# Program to find number of operations needed to decrease n to 0 in C++

C++Server Side ProgrammingProgramming

Suppose we have a number n. Now consider an operation where we can either 1. Decrement n by one 2. If n is even number, then decrement it by n / 2 3. If n is divisible by 3, then decrement by 2 * (n / 3) Finally find the minimum number of operations required to decrement n to zero.

So, if the input is like n = 16, then the output will be 5, as n = 16 even then decreases it by n/2 4 times, it will be 1. Then reduce it by 1 to get 0. So total 5 operations.

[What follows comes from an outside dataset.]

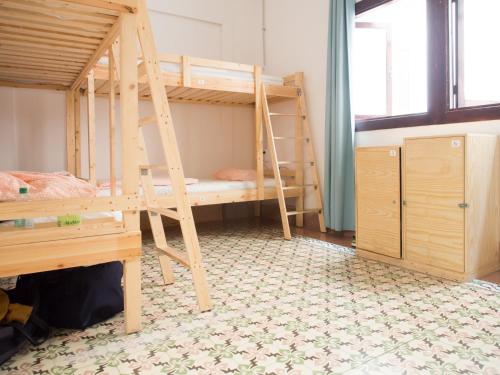 Cama en habitación compartida mixta de 6 camas del hotel Lua Lua Las Palmas. Foto 3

To solve this, we will follow these steps −

• Define one map dp

• Define a function dfs(), this will take x,

• ret := x

• if x is in dp, then −

• return dp[x]

• if x <= 0, then −

• return x

• if x is same as 1, then −

• return 1

• md2 := x mod 2

• md3 := x mod 3

• ret := minimum of {ret, md2 + 1 + dfs((x - md2) / 2), md3 + 1 + dfs((x - md3) / 3)}

• return dp[x] = ret

• From the main method call and return dfs(n)

## Example

Let us see the following implementation to get better understanding −

Live Demo

#include <bits/stdc++.h>
using namespace std;
unordered_map <int, int> dp;
int dfs(int x){
int ret = x;
if(dp.count(x))
return dp[x];
if(x <= 0)
return x;
if(x == 1)
return 1;
int md2 = x % 2;
int md3 = x % 3;
ret = min({ret, md2 + 1 + dfs((x - md2) / 2), md3 + 1 + dfs((x - md3) / 3)});
return dp[x] = ret;
}
int solve(int n) {
return dfs(n);
}
int main(){
int n = 16;
cout << solve(n);
}

## Input

16

## Output

5